**ACTIVITY:** Every line of the entries below from the one containing "Foto c52a1fee-927c-45f8-8a5d-04b057eff0bf. Affitto" to the one containing "ATELIER NANOU GOLD SEMI FLOWER EARRINGS", both ends included, must be written out exactly. No other line belongs in the answer.

**DATA TO EXAMINE:**
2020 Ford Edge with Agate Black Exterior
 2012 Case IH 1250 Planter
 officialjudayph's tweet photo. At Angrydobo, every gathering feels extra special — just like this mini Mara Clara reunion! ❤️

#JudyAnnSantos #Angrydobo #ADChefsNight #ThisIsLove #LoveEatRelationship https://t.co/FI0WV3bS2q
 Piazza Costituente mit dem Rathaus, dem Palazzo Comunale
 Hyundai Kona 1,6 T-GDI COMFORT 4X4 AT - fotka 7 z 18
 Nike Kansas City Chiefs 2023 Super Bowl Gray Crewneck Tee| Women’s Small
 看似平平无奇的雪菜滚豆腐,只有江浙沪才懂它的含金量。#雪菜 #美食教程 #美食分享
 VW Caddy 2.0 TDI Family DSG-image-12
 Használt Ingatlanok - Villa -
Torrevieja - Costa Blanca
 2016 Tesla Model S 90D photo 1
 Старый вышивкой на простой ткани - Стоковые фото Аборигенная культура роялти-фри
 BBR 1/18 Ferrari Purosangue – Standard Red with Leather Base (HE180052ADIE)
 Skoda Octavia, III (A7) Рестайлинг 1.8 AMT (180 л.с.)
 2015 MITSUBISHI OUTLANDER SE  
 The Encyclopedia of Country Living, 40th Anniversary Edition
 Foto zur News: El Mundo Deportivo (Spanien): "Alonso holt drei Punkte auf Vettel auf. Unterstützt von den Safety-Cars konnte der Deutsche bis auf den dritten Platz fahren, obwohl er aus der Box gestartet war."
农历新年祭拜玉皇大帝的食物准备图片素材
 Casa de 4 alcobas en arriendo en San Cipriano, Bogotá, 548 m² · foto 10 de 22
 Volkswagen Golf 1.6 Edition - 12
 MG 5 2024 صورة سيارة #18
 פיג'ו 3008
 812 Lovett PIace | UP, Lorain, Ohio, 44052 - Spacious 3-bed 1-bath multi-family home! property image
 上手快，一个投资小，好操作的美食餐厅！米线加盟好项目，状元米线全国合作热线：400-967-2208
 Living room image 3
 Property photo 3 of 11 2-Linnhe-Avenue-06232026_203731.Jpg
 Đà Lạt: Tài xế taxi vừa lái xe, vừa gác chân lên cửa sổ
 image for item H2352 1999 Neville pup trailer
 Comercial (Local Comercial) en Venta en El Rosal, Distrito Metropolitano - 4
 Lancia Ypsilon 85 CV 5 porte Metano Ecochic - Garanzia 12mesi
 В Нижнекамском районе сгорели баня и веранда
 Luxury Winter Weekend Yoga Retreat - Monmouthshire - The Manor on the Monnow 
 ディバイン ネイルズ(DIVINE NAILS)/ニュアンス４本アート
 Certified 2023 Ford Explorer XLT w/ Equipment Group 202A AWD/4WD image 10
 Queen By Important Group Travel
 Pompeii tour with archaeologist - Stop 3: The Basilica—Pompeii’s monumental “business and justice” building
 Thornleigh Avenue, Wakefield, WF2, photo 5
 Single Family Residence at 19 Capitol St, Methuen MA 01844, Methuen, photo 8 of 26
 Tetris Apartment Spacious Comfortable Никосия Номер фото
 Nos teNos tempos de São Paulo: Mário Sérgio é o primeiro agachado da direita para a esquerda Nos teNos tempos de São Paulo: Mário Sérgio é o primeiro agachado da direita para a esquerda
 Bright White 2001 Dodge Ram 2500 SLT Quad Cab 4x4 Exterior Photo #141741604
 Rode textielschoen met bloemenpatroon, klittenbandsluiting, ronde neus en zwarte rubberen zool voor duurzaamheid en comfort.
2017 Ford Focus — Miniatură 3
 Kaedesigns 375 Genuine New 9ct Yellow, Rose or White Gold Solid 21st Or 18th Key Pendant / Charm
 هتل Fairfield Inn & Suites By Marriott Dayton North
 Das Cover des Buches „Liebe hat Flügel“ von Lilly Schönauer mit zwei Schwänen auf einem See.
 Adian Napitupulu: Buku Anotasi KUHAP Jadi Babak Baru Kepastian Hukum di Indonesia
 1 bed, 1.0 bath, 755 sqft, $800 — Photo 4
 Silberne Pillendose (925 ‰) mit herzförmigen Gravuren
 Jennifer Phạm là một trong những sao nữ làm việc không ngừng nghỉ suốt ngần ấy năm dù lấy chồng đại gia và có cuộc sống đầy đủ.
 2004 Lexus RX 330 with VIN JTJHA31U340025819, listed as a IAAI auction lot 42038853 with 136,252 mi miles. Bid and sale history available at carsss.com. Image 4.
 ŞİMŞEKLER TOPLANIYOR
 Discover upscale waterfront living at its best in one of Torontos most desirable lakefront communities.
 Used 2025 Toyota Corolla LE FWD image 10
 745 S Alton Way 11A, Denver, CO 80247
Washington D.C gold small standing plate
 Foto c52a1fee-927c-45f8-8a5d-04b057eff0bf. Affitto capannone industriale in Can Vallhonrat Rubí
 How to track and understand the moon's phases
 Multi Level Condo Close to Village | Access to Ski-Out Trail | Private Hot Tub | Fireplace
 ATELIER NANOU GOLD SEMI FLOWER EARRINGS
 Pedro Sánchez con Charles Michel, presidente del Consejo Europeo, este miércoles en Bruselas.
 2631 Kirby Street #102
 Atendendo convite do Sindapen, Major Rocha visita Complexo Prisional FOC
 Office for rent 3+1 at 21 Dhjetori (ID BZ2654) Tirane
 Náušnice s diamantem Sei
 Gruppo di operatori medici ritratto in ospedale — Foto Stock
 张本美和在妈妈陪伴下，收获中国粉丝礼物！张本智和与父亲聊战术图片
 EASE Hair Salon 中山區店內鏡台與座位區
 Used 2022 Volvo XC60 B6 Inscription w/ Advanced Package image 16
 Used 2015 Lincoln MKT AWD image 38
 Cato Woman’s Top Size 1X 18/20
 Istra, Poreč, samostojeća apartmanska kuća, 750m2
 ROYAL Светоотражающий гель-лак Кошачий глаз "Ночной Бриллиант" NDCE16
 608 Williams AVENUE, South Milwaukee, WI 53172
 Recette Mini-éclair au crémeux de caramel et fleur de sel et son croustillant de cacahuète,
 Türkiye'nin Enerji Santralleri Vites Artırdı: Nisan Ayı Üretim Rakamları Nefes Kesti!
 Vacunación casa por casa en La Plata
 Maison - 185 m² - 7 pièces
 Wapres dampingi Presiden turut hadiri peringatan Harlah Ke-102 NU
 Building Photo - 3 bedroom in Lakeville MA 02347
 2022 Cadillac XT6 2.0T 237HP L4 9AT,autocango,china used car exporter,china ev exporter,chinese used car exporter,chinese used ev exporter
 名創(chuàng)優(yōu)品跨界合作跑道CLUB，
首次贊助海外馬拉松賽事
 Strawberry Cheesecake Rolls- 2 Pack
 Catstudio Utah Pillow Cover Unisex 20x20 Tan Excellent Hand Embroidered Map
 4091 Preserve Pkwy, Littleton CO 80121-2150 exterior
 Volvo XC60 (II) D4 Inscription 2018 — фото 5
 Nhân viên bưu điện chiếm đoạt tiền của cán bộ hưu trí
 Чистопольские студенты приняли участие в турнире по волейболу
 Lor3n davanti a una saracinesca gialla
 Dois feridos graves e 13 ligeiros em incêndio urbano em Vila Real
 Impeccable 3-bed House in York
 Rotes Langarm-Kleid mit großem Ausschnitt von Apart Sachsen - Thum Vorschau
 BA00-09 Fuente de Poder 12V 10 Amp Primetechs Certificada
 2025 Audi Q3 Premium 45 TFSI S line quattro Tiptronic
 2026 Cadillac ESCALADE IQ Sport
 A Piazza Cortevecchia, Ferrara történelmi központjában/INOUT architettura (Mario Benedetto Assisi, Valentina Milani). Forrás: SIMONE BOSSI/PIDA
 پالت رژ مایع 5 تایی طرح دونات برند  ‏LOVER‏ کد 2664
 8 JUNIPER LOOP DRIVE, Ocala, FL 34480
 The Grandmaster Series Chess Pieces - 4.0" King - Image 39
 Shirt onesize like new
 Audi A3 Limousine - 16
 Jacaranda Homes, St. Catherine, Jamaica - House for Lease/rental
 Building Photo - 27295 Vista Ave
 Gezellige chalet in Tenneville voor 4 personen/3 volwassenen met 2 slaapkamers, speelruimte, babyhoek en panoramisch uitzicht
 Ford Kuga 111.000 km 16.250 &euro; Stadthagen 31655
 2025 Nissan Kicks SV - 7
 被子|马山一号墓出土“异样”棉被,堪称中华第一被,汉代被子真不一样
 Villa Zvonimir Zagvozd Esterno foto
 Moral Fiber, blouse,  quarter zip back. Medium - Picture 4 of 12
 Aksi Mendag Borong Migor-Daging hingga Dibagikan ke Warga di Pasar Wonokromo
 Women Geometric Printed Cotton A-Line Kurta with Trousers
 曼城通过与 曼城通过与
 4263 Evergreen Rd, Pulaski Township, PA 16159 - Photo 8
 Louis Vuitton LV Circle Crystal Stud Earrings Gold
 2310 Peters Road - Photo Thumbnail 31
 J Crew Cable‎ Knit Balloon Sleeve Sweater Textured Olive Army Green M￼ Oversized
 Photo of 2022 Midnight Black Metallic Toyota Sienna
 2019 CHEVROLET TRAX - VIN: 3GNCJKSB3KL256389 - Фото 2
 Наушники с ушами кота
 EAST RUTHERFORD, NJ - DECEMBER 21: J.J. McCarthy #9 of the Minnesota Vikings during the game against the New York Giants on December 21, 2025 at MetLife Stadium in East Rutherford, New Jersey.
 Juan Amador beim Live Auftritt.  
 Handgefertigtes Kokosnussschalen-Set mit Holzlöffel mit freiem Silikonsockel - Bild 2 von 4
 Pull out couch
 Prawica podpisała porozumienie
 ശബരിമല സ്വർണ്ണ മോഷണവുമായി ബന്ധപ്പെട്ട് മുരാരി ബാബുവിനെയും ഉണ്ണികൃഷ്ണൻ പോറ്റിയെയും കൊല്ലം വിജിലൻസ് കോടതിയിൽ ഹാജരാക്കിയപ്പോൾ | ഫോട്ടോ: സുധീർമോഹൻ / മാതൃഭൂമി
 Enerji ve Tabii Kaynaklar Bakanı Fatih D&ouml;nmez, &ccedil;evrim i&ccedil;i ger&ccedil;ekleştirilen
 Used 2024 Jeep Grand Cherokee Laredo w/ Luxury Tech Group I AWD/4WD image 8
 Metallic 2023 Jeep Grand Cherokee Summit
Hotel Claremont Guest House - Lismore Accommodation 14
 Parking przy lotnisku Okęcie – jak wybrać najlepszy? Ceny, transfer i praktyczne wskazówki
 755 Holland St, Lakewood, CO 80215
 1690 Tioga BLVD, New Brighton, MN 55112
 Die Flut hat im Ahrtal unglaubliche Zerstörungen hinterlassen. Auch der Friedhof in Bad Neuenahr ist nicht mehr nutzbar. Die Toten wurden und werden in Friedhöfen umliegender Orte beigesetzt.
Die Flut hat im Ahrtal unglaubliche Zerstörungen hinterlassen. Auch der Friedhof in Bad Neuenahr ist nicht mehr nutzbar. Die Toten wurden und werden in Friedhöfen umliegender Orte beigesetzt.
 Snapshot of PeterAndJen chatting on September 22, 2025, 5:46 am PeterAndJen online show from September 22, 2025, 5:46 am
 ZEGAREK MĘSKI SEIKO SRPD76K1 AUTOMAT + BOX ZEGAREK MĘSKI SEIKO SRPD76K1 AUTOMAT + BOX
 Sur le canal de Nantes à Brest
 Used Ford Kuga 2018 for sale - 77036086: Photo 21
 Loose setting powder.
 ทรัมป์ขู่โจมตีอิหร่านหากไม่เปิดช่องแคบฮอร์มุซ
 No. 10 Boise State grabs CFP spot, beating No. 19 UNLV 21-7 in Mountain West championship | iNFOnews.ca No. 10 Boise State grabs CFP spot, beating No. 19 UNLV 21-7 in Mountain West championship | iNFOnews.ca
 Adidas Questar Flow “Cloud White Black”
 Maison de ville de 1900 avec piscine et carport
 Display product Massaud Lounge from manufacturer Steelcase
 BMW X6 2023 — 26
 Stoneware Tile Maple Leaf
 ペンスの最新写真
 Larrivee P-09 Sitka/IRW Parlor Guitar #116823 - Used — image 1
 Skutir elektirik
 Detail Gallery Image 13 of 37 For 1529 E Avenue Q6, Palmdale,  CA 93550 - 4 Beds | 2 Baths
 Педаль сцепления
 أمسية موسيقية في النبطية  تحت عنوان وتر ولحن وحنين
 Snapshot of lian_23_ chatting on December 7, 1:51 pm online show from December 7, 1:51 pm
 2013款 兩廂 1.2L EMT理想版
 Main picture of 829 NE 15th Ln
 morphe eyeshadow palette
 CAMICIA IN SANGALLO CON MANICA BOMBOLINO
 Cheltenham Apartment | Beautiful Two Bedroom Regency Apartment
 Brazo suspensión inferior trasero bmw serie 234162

**YOUR SOLUTION:**
 Foto c52a1fee-927c-45f8-8a5d-04b057eff0bf. Affitto capannone industriale in Can Vallhonrat Rubí
 How to track and understand the moon's phases
 Multi Level Condo Close to Village | Access to Ski-Out Trail | Private Hot Tub | Fireplace
 ATELIER NANOU GOLD SEMI FLOWER EARRINGS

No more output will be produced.